If you’re without air chambers then this is an issue that needs addressing immediately. In some cases the installation of a pressure reducing valve is a good one – gate valves are one of the most common types of valves used in plumbing. Pressure becoming too high in pipes is a common cause of water hammer, so this might help. Again, seek professional help if you need it!
Check your air chambers
Good quality (or more modern plumbing) will come fitted with air chambers which cushion and compress that shock, reducing or eradicating water hammer. So if your plumbing is relatively new, or has just started hammering this might be a good starting point to investigate. They can become waterlogged, so by turning off the water behind the chamber and allowing it to drain thoroughly, this could help. If you’re not confident with the DIY it’s always best to look for a reliable plumber for this or any of the suggestions on this list.
Check for loose pipes
It’s possible for pipes to become loose over time, so it’s worth periodically checking them to prevent water hammer, or if you are experiencing it. Start with the most accessible ones, which are uncovered. Usually these can be found in the basement or the attic or any utility rooms that you may have. If the water hammer is mild it may be enough to secure and tighten any loose piping, or to insulate the pipes with foam. But if the water hammer is more severe it may have caused damage to the pipes (or be about t), and this could mean replacing them entirely. When replacing pipes remember to use similar metals – consult your plumber if you’re unsure – mixing metals can cause corrosion and lead to even more problems.

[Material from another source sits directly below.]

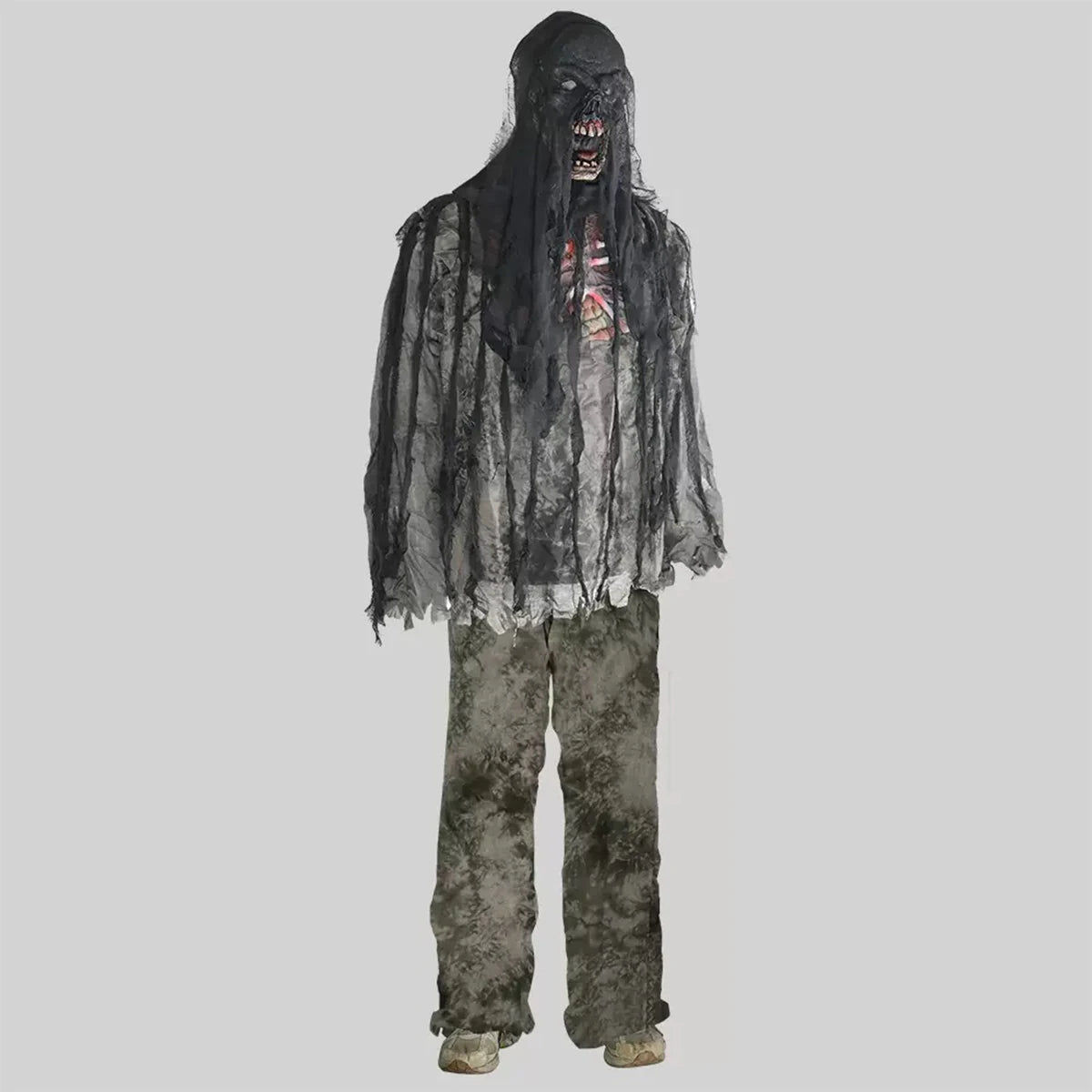 Kids & Adults Zombie Cosplay Costume, Scary Horror Bloody Skeleton  Outfit with Mask Gloves, Halloween Carnival Fancy Dress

We touched on this before, but a full overhaul of your valves, or a dedicated pressure reduction system may get rid of water hammer entirely. Pressure reducing valves are not to stem the flow of water but are designed purely to reduce the pressure of the water in your pipes. These are most commonly found in homes which have high water pressure from the local water board, which may be contributing to your water hammer problems. It’s usually best to install a pressure reduction valve at the point the water enters your home, but again, consult a professional if you need some extra help. This is worth doing properly, as very high water pressure can damage appliances as well as pipes, which is costly or will ruin your home contents insurance premium (as well as being immensely inconvenient).
Ultimately water hammer can vary in scale from a mere annoyance to a genuine threat to the plumbing facilities and related appliances in your home. Hopefully these tips will give you a bit of confidence when it comes to troubleshooting, fixing (either yourself or a plumber) and general maintenance.